> Material provided:
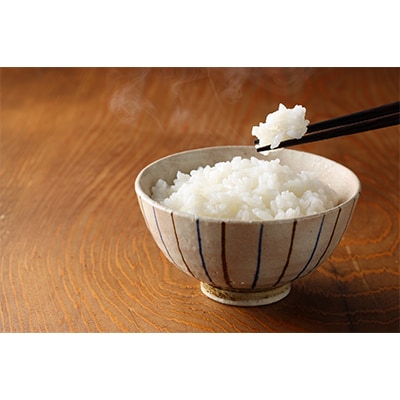 【2ヵ月毎定期便】登米市産ササニシキ精米5kg全6回【4007750】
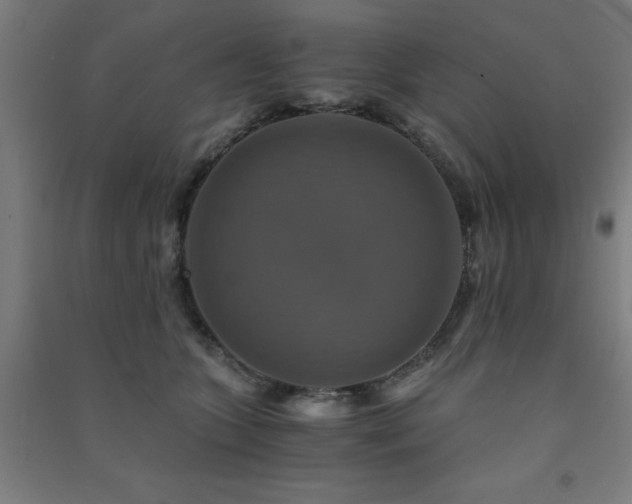 X0000091480563200708161421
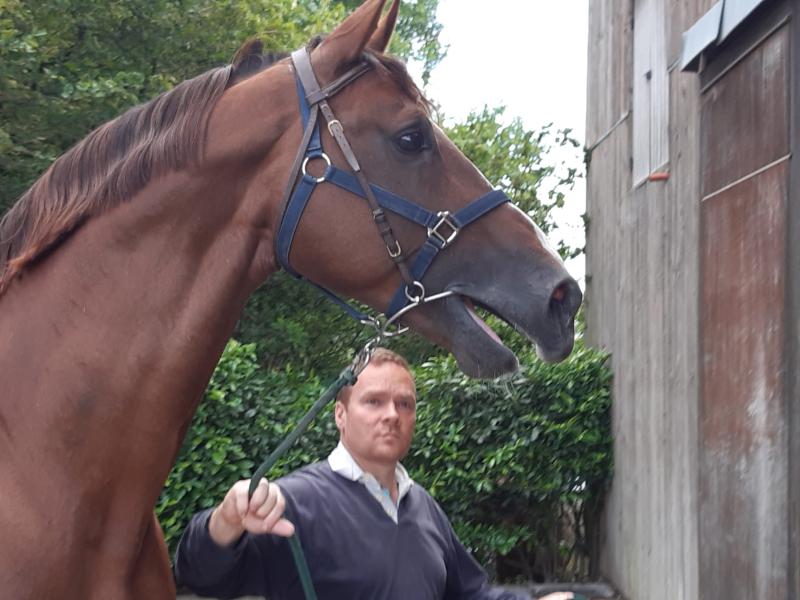 Faut-Il des 7 Vallons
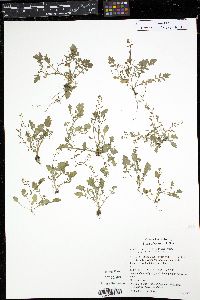 Rorippa curvipes image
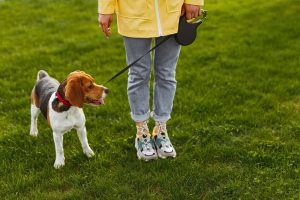 Paseador de perros para pasear a tu perro en Panamá.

> Prompt: Copy exactly, please, the lines that run from the line holding "X0000091480563200708161421" through the closing line of the material above, omitting every picture.

> Output for this task:
 X0000091480563200708161421
 Faut-Il des 7 Vallons
 Rorippa curvipes image
 Paseador de perros para pasear a tu perro en Panamá.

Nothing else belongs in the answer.